SCEC Award Number 15069 View PDF
Proposal Category Individual Proposal (Integration and Theory)
Proposal Title Including Scattering in the UCSB Broadband Modeling Method
Investigator(s)
Name Organization
Ralph Archuleta University of California, Santa Barbara
Other Participants Jorge Crempien
SCEC Priorities 6c, 6d, 6e SCEC Groups GMP, GMSV, CCSP
Report Due Date 03/15/2016 Date Report Submitted 03/15/2016
Project Abstract
The primary objective was to improve the UCSB method for computing broadband ground motion synthetics by adding scattering to the wave propagation. We have done this by generating scatterograms that are added to the Green’s function for the medium. The scatterogram is obtained by using Zeng’s (1991) envelope for multiple scatterers to modify a white noise signal. The advantage of this method is that the parameters for the envelope can be determined from regional, small magnitude earthquakes. Thus the scattering is constrained by empirical data that is germane to the region where the larger magnitude earthquake is simulated. This approach allows the UCSB broadband method to capture the duration of shaking that is due to both the duration of the source process as well as the duration due to scattering in the medium. Using the 1994 Northridge earthquake we have shown that this scattering does not affect the bias when comparing response spectra of spectral acceleration. However, it greatly reduces the bias of Arias intensity—a measure that includes both amplitude and duration of shaking. In earlier work we have shown that the UCSB method has successfully passed the SCEC validation process for western crustal earthquakes.

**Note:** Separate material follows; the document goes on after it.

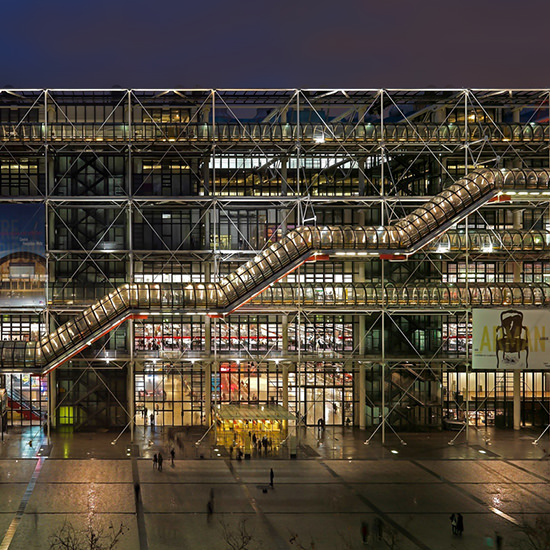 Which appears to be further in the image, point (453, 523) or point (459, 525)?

Intellectual Merit One of the overarching SCEC goals is the development of a seismic hazard model for Southern California. One cornerstone of a seismic hazard model is the prediction of ground motion (or a metric based on ground motion). Over many years SCEC has supported the development of numerical methods by which ground motion from simulated earthquakes can be computed. One such method has been developed at UCSB. The UCSB method differs from others in that the slip rate function (spatially varying on the fault) determines the entire frequency spectrum of the ground motion, i.e., the low-frequency and the high-frequency parts of the ground motion are all determined by the slip rate on the fault. There is no disconnect between the source of low- and high-frequency source. To improve on this method we have modified how high-frequency ground motion is propagated. In the latest modification we have added scattering to the wave propagation. In this approach we can use scattering parameters that are empirically determined from small earthquakes. We have found that this greatly improves estimates of duration of shaking; duration is a critical time-domain ground motion metric.
Broader Impacts Earthquake engineering design depends on having reliable and verifiable estimates of how strong shak-ing will be for a wide suite of earthquake magnitudes and distances. While the database of strong motion records has been increasing with new instrumentation, there is a serious lack of ground motion records at distances less than 20 km for earthquakes with magnitudes greater than 6.0. Rather than wait for more earthquakes to occur, it is possible to estimate ground motion by simulating earthquakes of different magnitudes. Thus one can supplement the empirical database and incorporate region specific geology by computing ground motion using numerical simulations of earthquakes.
Exemplary Figure Figure 1: Comparison between deterministic (red) and scattering (black) Green’s functions at different epicentral distances for a point source (reverse faulting with 45˚ dip) at a depth of 10 km.